[Image-caption web data]
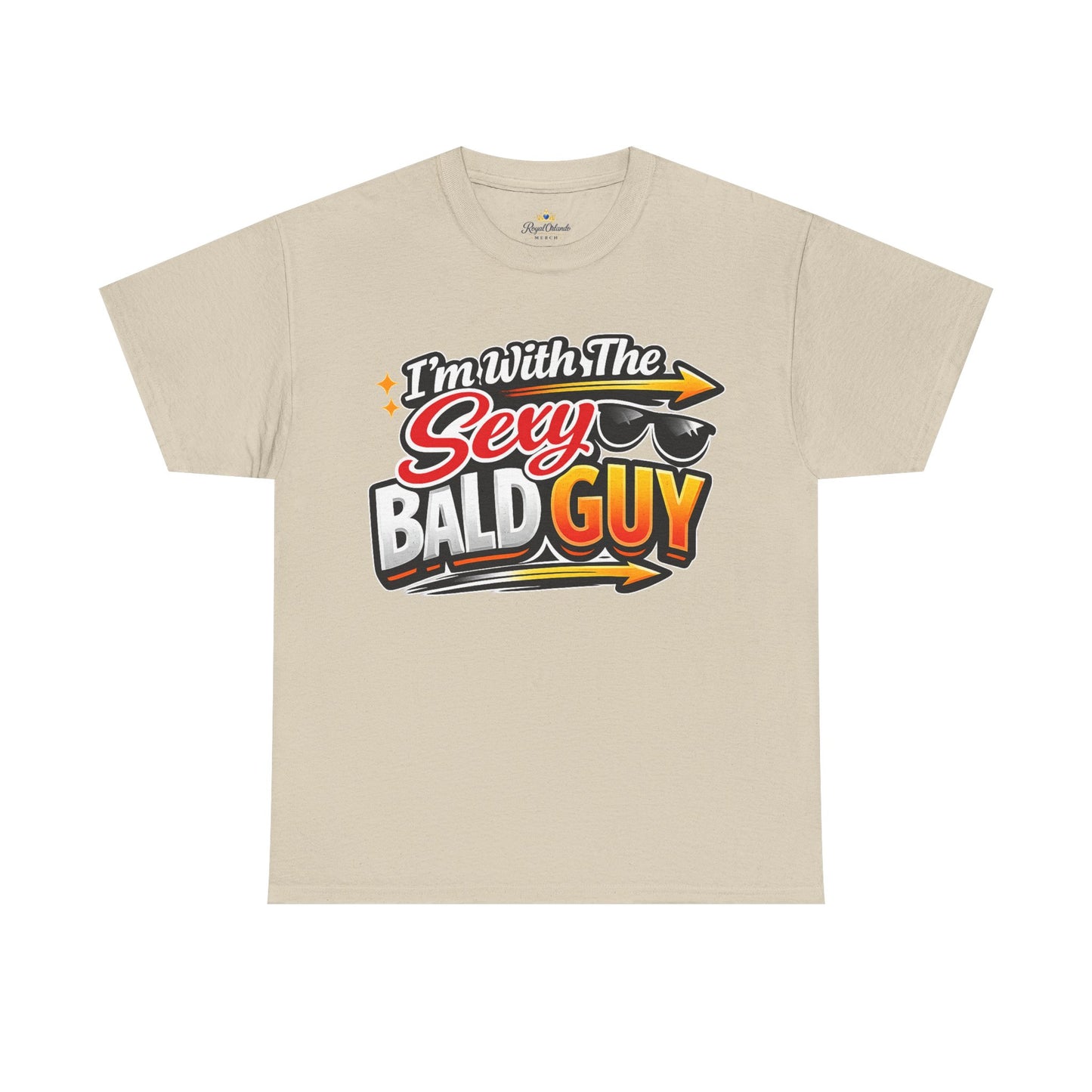 I'm With The Sexy Bald Guy T-Shirt | Funny Novelty Shirt, Sunglasses Graphic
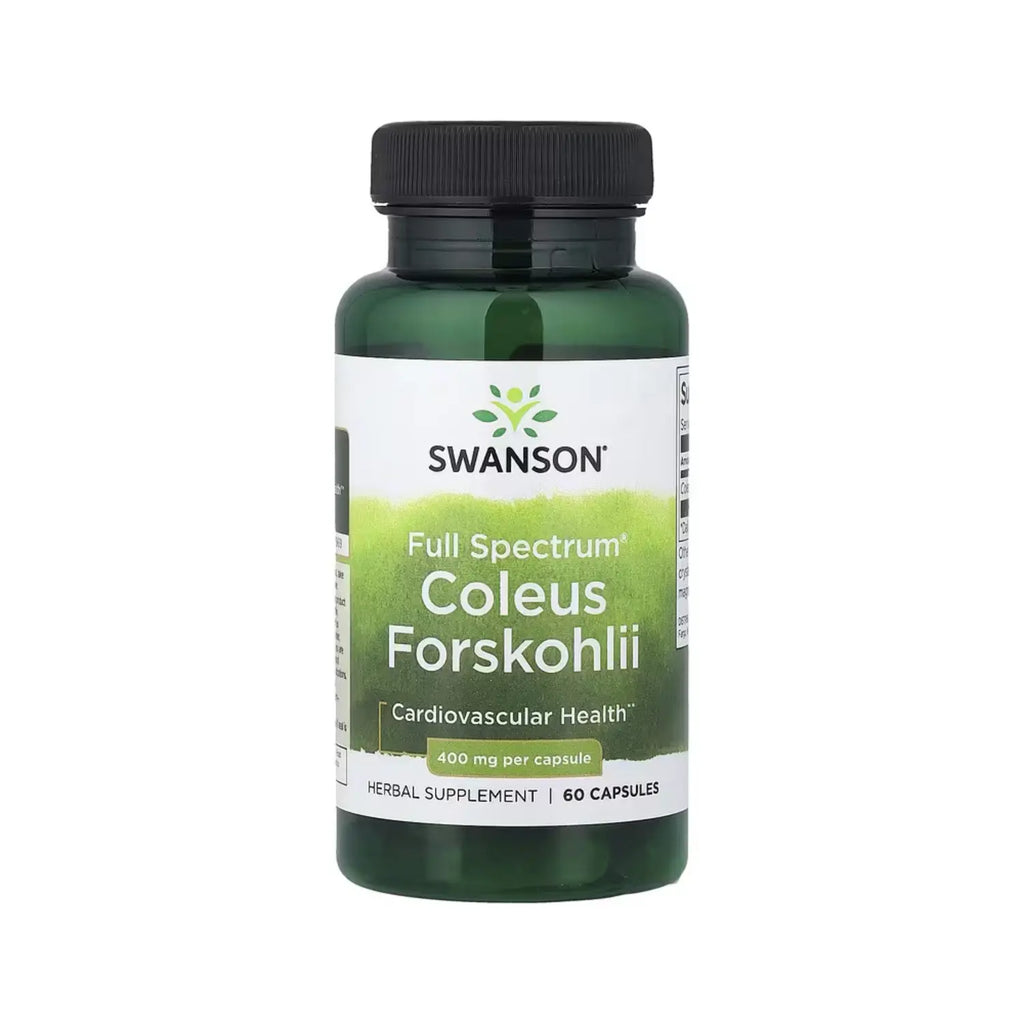 SWANSON COLEUS FORSKOHLII ESPECTRO COMPLETO 400MG 60CAPS SFN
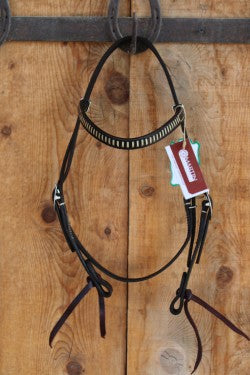HS BB Rawhide Laced Chocolate and Harness Headstall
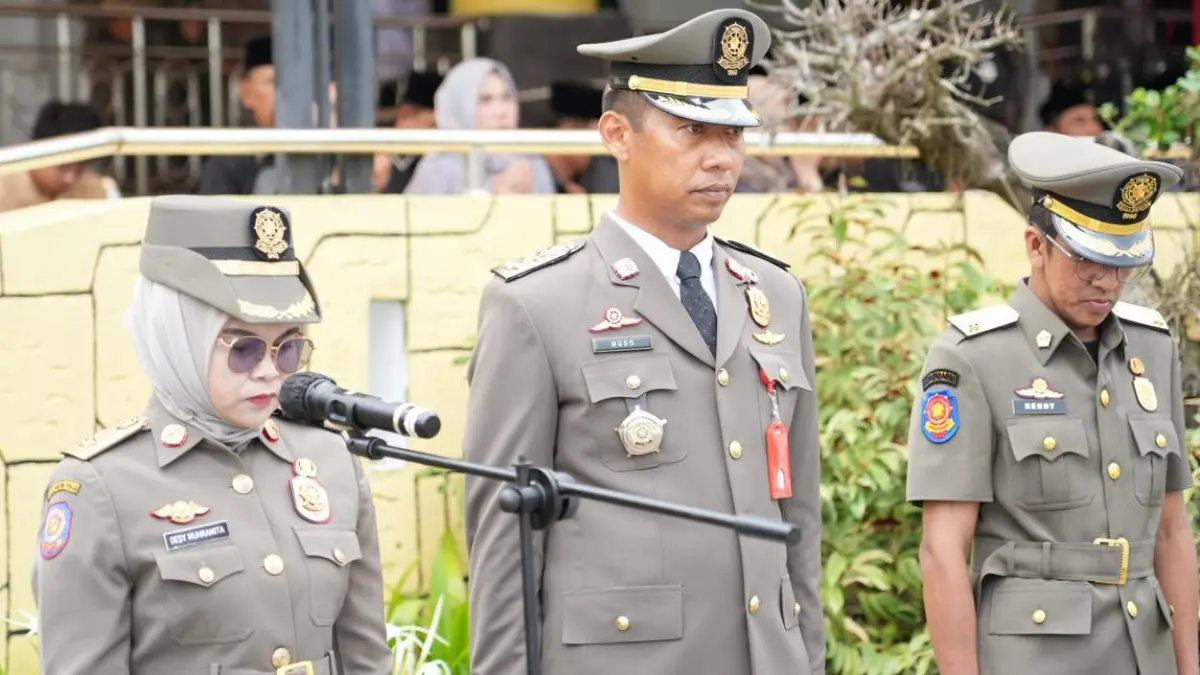 APEL GABUNGAN: Pemerintah Kabupaten Tapin bersama unsur TNI-Polri menyiapkan pengamanan berlapis untuk memastikan seluruh tahapan Pemilihan Kepala Desa (Pilkades) Serentak 2026,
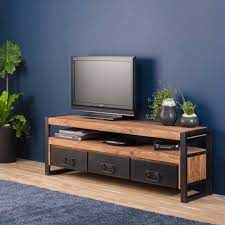 Prix du modèle présenté : Meuble Tv Industriel 21 Modeles Pour La Deco Du Salon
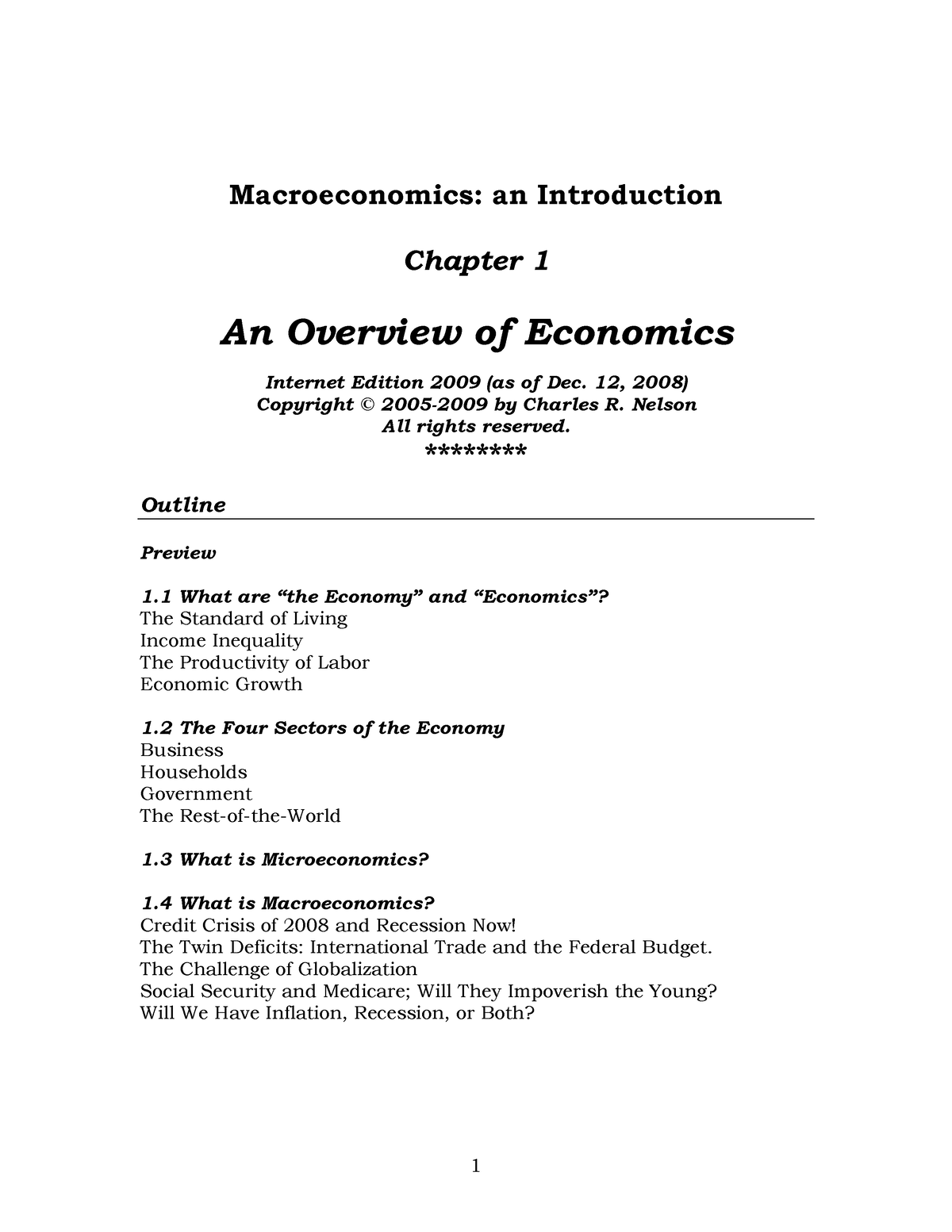 Chap01 - Important Note - Macroeconomics: An Introduction Chapter 1 An ...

What the task requires – Set down every record once more, word for word, without pictures.

Exercise result –
 I'm With The Sexy Bald Guy T-Shirt | Funny Novelty Shirt, Sunglasses Graphic
 SWANSON COLEUS FORSKOHLII ESPECTRO COMPLETO 400MG 60CAPS SFN
HS BB Rawhide Laced Chocolate and Harness Headstall
 APEL GABUNGAN: Pemerintah Kabupaten Tapin bersama unsur TNI-Polri menyiapkan pengamanan berlapis untuk memastikan seluruh tahapan Pemilihan Kepala Desa (Pilkades) Serentak 2026,
 Prix du modèle présenté : Meuble Tv Industriel 21 Modeles Pour La Deco Du Salon
 Chap01 - Important Note - Macroeconomics: An Introduction Chapter 1 An ...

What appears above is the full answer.